I am a huge Barbara Crampton fan. Every time she’s in a movie, she brings something completely different to the table, and everything’s better for it—sure, she’s best known for her scientists-drawn-into-horrible-experiments in From Beyond and Re-Animator, but even in more recent spooky media she’s proven her range as an actor. From the uptight mother in You’re Next to the otherworldly horror host of Beyond the Gates, there’s not a single thing she’s done that I haven’t loved (and I fully expect her voice role as Mom in Back 4 Blood to continue that trend). All this to say that her latest film, SXSW festival hit Jakob’s Wife, is another fantastic flick that puts her in the lead and lets her absolutely run with it.
Directed by Travis Stevens (formerly of the wonderfully creepy Girl on the Third Floor), Jakob’s Wife follows Annie, a middle-aged preacher’s wife who seems to have taken the safe route in her life. She’s in a steady marriage, but her husband constantly talks over her. Her secret longing for a more adventurous life comes true in the worst possible way when she’s attacked by…something. What follows is Annie undergoing a horrifying transformation and taking advantage of it to finally take control of her own life, no matter what her husband Jakob (Larry Fessenden in what may be his best role ever) might have to say about it.

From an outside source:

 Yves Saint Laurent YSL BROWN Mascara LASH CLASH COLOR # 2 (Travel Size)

Yes, this movie is about vampires, so you’ll probably be able to predict a lot of the plot beats, but what lifts it above just another bloodsucker story is the way it balances low-key, awkward human comedy with moments of surprising body horror. In one scene, Annie deals with her mounting vampirism by ordering raw meat at the grocery store; in another, a vampire rips a victim’s head clean off, causing blood to absolutely gush everywhere. The best example of this is probably when Annie goes to the dentist, who points out some surprising changes to her teeth before we’re shown the effects of the ultraviolet dental lights on Annie’s mouth—and the results are far from pretty.

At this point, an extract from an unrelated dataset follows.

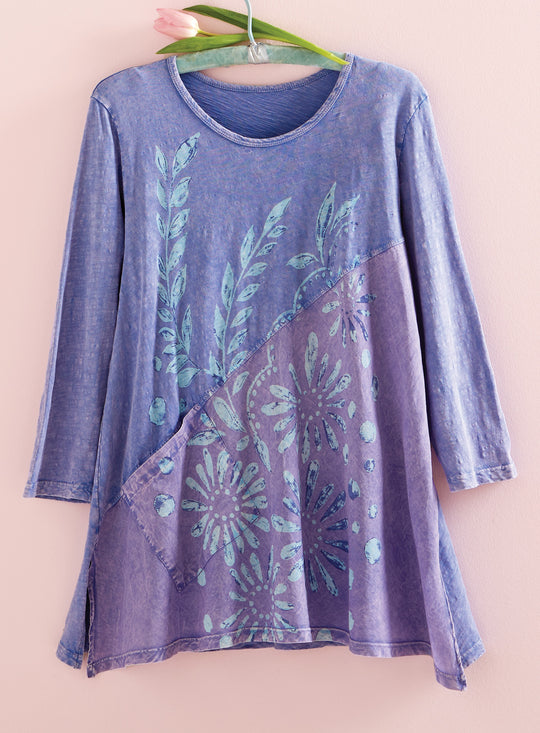Two-Tone Blossom Tunic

I clearly haven’t praised the acting in this film enough, so let me say this: Barbara Crampton absolutely steals the show as she always does. Before becoming a vampire, Annie’s quiet, reserved, but through all that, she clearly wants to be more than just Jakob’s wife. Afterward, her transformation is far more than her dressing less conservatively and developing a thirst for blood—she’s confident, she’s embracing her power, and she’s enjoying every minute of it. Larry Fessenden’s pastor Jakob manages to go from a completely terrible human being to a lovable dingus through the course of the movie, as well, as he deals with the horror of what’s happening to his wife and learns to shut his mouth every once in a while. He clearly wants to be the kung fu priest from Braindead but doesn’t have the skills, the personality, or the confidence to be it. You can’t say he doesn’t try, though, and through it all, he learns as much of a lesson as Annie does.

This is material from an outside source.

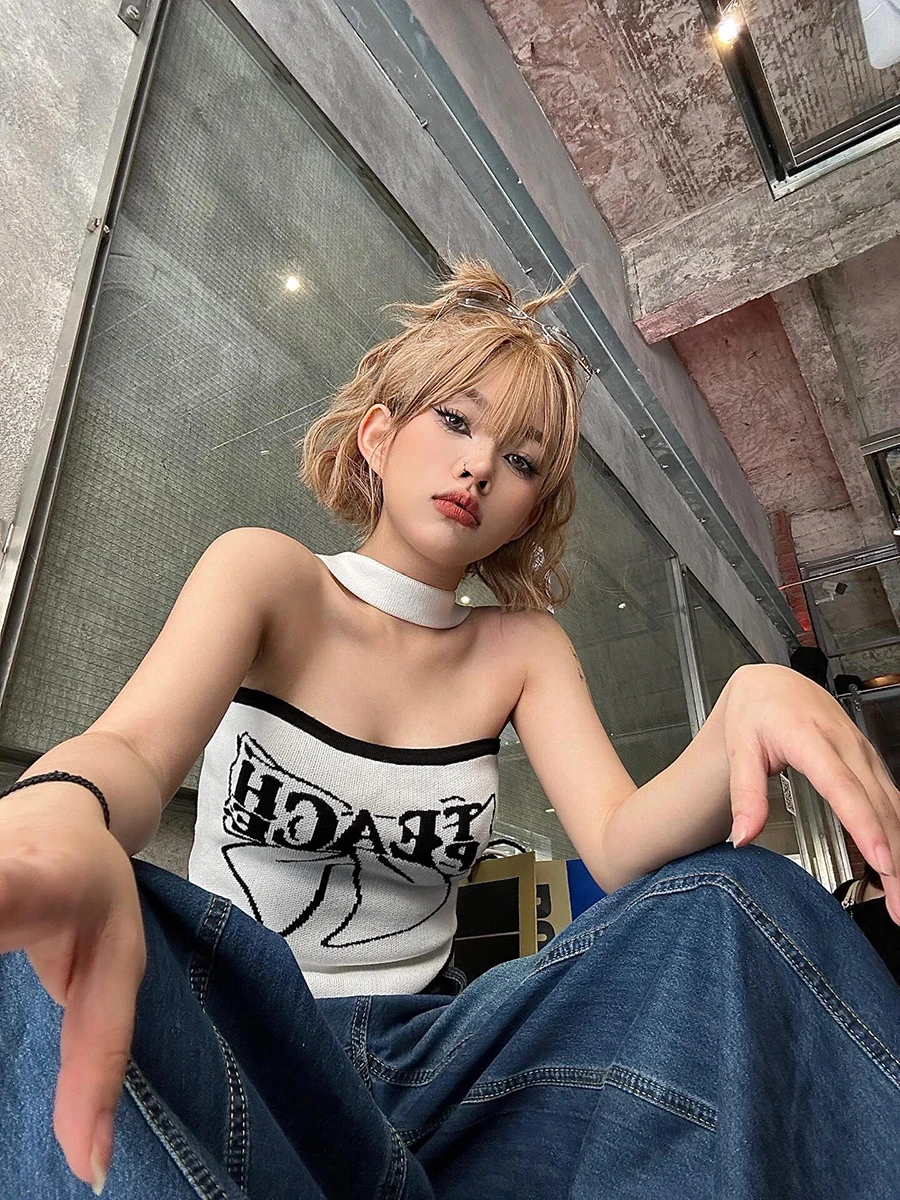 REDDACHiC винтажные потертые джинсы с усами женские мешковатые низкой посадкой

Those lessons—it’s not a sin to take control of your own life, your partner is not a possession for you to demand obedience from, and vampires are really, really scary—are delivered as much through the characterizations as they are through director Travis Stevens’s commitment to going all out with the practical effects. The vampires in this film share more in common with rats than with bats—nasty front teeth and red eyes and all—and it makes them that much more frightening. When the blood spills in Jakob’s Wife, it SPILLS, and these vampires aren’t afraid to make a huge mess when they feed. All of this together helps balance the comedy, horror, and drama of the story, and it hits all three of those genres repeatedly and with incredible skill.
Yes, I did say drama. Between the funny and scary bits, this story has a lot of heart to it. Annie’s dissatisfaction with her marriage leads her to be tempted to cheat on Jakob with an old flame, but she has regrets for even the thought of it. Jakob barely seems to notice his own wife until the supernatural events around them get too strange to ignore. Their relationship feels real thanks to their absolute lack of chemistry—and as things continue to unfold, we start to get glimpses of the chemistry they once had. I began the movie asking myself why Annie married Jakob, and I ended it completely understanding why. Everyone here feels human, even the vampires, and it’s a credit to both the director and the cast for bringing the characters to life and undeath. I’d hate myself if I didn’t mention Phil “CM Punk” Brooks’s very silly cameo as a sheriff’s deputy, or Bonnie Aarons’s terrifying turn as The Master—you may know her as Valak, the demonic nun from The Conjuring series, but here, she puts in a solid performance where she actually gets to say some words for once.
Shudder has been on an absolute tear lately, picking up some of my favorite festival releases and delivering excellent exclusives as well, and Jakob’s Wife is easily another point in their favor. If you’re looking for a familiar-yet-unique take on vampire stories, a skilled blend of things to laugh at and scream at, or just more proof that horror movies have some of the best acting performances out there, look no further than Shudder, starting August 19th.